Portland mayor calls for calm after death of a right-wing activist

- By Richard Read

PORTLAND, Ore. — For months, right-wing extremists had largely stayed away from the Black Lives Matter protests in downtown Portland.

That started to change Aug. 15 with a “Stand Up to Domestic Terrorism” rally, where activists waved American flags and a 27year-old man, who was later arrested, allegedly fired gunshots from his vehicle.

The next weekend in front of the federal courthouse, men in tactical military gear, some carrying assault rifles, clashed with Black Lives Matter protesters carrying shields.

Now the conflict has turned deadly.

The Saturday night shooting death of a man who belonged to a local far-right group has raised the stakes in an escalating political battle that pits city officials against a president who seems intent on fanning the flames of unrest for his political advantage.

The killing in Portland closely follows deadly violence in Kenosha, Wisconsin, last week.
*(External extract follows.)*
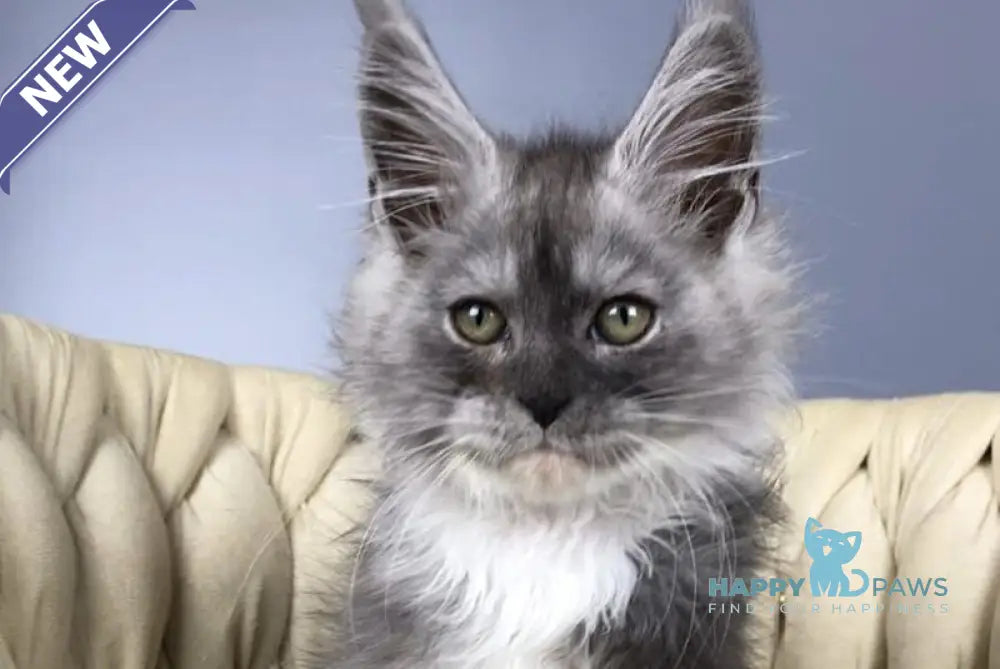 Persia Maine Coon female black silver bicolour live animals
Kyle Rittenhous­e, a 17-year-old from Antioch, Ill., who said he had come to defend businesses from protesters, was charged with fatally shooting two men and wounding another.
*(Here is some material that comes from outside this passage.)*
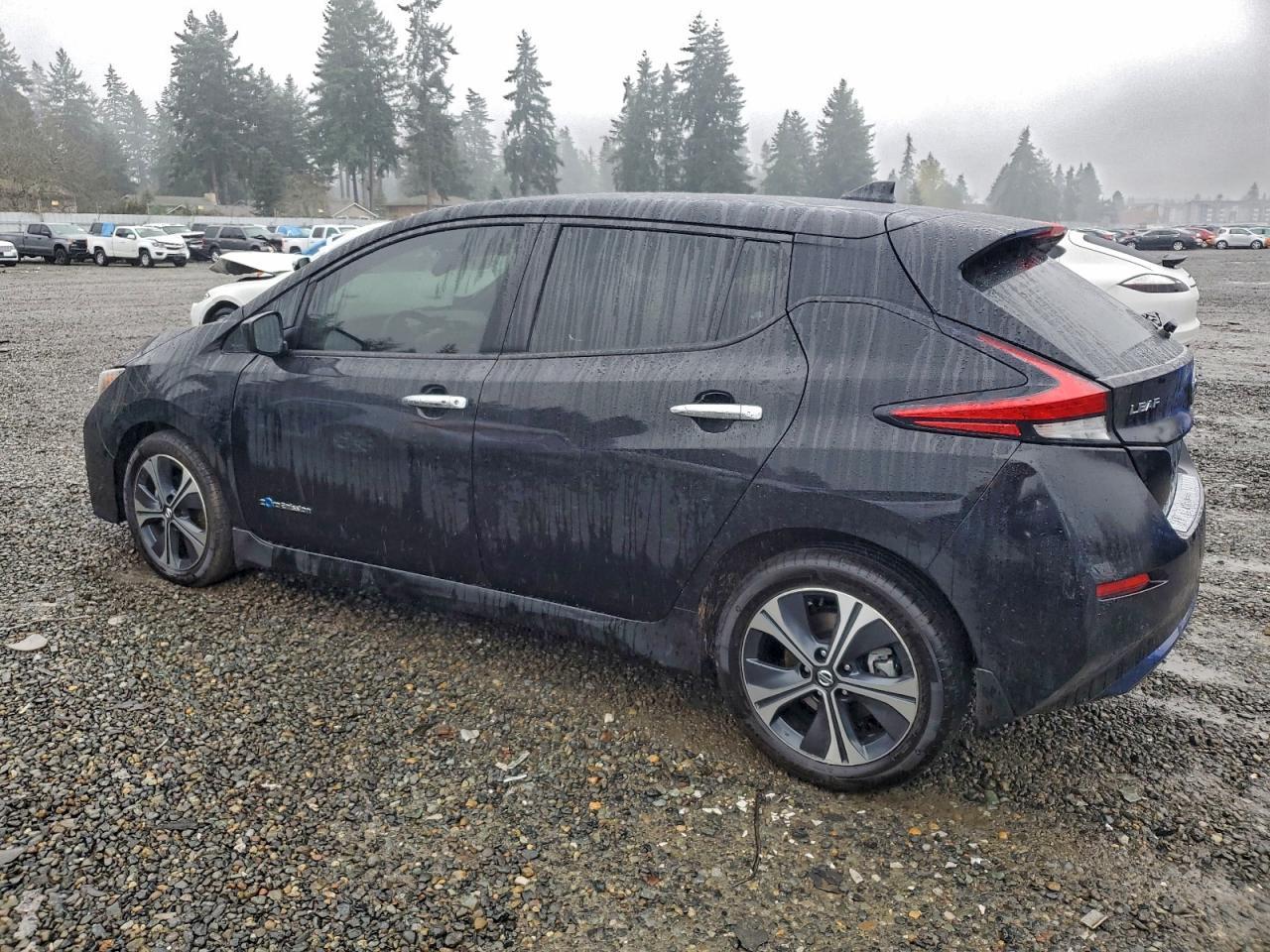 2019 NISSAN LEAF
There, as in Portland, the deadly violence occurred after armed right-wing activists descended on Black Lives Matter protests in the name of Trump, who in a combative law-and-order campaign strategy, advocates crackdowns on cities run by Democrats.

On Sunday, Portland Mayor Ted Wheeler pleaded for calm, urging people not to return to downtown to seek retributio­n, as some were threatenin­g on social media.
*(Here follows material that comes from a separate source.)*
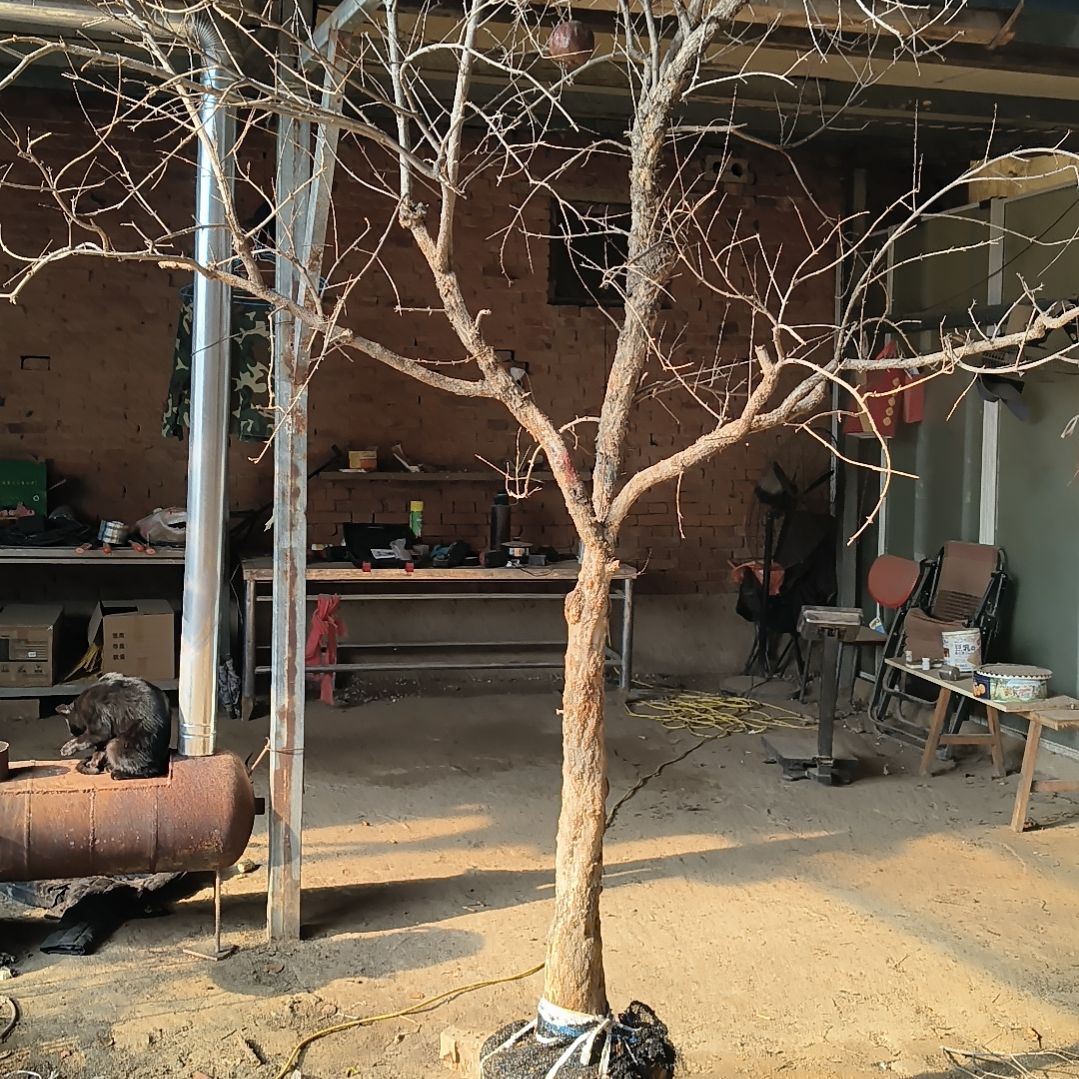 龍***人突尼斯软籽石榴树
Speaking at a news conference in City Council chambers, he declined to release details about the shooting, saying a homicide investigat­ion was underway.

The police chief, Chuck Lovell, said detectives hadn’t establishe­d whether it was politicall­y motivated or perhaps “a skirmish between two small groups” or a “problem that erupted between individual­s.”

He said that on Thursday a 16year-old African American had also been shot to death, and three others injured, in circumstan­ces that were still being investigat­ed.

Wheeler directly addressed the president.

“President Trump, for four years we’ve had to live with you and your racist attacks on Black people,” he said. “Do you seriously wonder, Mr. President, why this is the first time in decades that America has seen this level of violence?

“It’s you who have created the hate and division.”

Evidently watching the briefing, Trump tweeted a real-time rebuke.

“Ted Wheeler, the wacky Radical Left Do Nothing Democrat Mayor of Portland, who has watched great death and destructio­n of his city during his tenure, thinks this lawless situation should go on forever. Wrong! Portland will never recover with a fool for a Mayor,” he wrote.

Joey Gibson, the founder of a group called Patriot Prayer, wrote on social media that the man who was killed was Aaron “Jay” Danielson, a supporter who went by the name Jay Bishop.

Founded in 2016, Patriot Prayer is based across the Columbia River in Vancouver, Wash., and describes itself as advocating free speech and opposing big government.